In a move that took even his own State Department by surprise, Donald Trump declared that he would be meeting with North Korean leader Kim Jong Un.
The fact that the American entity responsible for conducting diplomacy was not clued in to this diplomatic deal is a gigantic red flag, and it sure looks like Trump just wants a propaganda win, which is exactly what Kim Jong Un gets out of this. This isn't all bad though. The South Koreans sure look like they maneuvered their way out of Trump's moronic trade war by facilitating these talks.
Tom Nichols, a professor at the Naval War College who worked on the nuclear conflict with the Soviet Union, laid out what can be expected from these “talks.”
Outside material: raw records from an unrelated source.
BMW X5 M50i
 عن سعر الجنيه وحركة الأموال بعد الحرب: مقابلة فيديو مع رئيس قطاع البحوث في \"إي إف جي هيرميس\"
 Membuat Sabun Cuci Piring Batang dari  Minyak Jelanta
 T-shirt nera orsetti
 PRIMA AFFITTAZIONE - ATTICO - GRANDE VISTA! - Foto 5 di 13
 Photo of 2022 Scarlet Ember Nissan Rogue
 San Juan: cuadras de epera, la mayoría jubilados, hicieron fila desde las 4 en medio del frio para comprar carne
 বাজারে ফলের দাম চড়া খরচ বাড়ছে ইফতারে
It really cannot be understated how big of a diplomatic win this is for North Korea. In 1988, they released a propaganda film titled The Country I Saw, and in 2012, the government debuted parts 2 through 5, effectively communicating what they wanted out of a relationship with the United States. Jeffrey Lewis is the Director of the East Asia Nonproliferation Program at the James Martin Center for Nonproliferation Studies at the Middlebury Institute of International Studies at Monterey, and he wrote about The Country I Saw just after it came out in 2012:
The movie—actually four full-length sequels to a 1988 propaganda piece called The Country I Saw—is the fictional story of how one unassuming Japanese professor of international relations learns to stop worrying and love North Korea’s bomb.
The climax of the movie is where Donald Trump comes in, as he literally just pledged to reenact the scene that North Korea depicted as a major, major victory for them. Per Lewis:
One of the enduring questions has been what the DPRK really seeks from the United States. Most experienced voices believe that the leadership of the DPRK is seeking recognition for its regime, ultimately in the form of normalized relations. High-level contacts, such as summits and special envoys, are important evidence for North Korea that the world accepts the regime. The Country I Saw does much to reinforce the general view of a DPRK leadership that has set securing the legitimacy and stability of its regime as the over-riding foreign policy goal. That a visit by Bill Clinton instead of Bill Richardson is the big reveal at the end of the movie says a lot about how North Korea sees its nuclear diplomacy.
Trump is basing his achievement on the incredibly dubious prospect that North Korea will give up its nuclear program. Even though Lewis highlights some hope for a normal(ish) relationship, it’s difficult to see how it happens under Donald Trump’s denuclearized terms.
The movie is rather less encouraging on the subject of whether North Korea will negotiate away its nuclear weapons and ballistic missiles. Particularly notable is the observation that ideological conflict no longer dominates international politics. North Korea’s place in the world, at least in The Country I Saw, is entirely a function of missile and nuclear capabilities. The United States may be able to achieve temporary reduction in tensions and even freeze certain programs, but it seems equally clear that the DPRK has concluded that its survival as a functioning state in the international system is entirely a product of its military capabilities. Soft power is not concept that gets much attention in The Country I Saw.
Not to mention, the “achievement” made by Trump is only an agreement to talk. There is nothing scheduled, as Sarah Huckabee Sanders said: “He will accept the invitation to meet with Kim Jong Un at a place and time to be determined.”
Just like how he was going to repeal Obamacare on day one? Or the DACA bill that he was going to sign? Or the interview with Robert Mueller he wants to have? The president is an expert in saying things and not following up on them, and given that the State Department seemingly had no idea this major announcement was about to happen, it seems like a good bet that Trump and Kim Jong Un will never meet face to face. Ultimately, that would likely be the best option to happen in this ordeal, because as Trump joked at the annual Gridiron Club Dinner: “As far as the risk of dealing with a madman is concerned, that’s his problem, not mine.”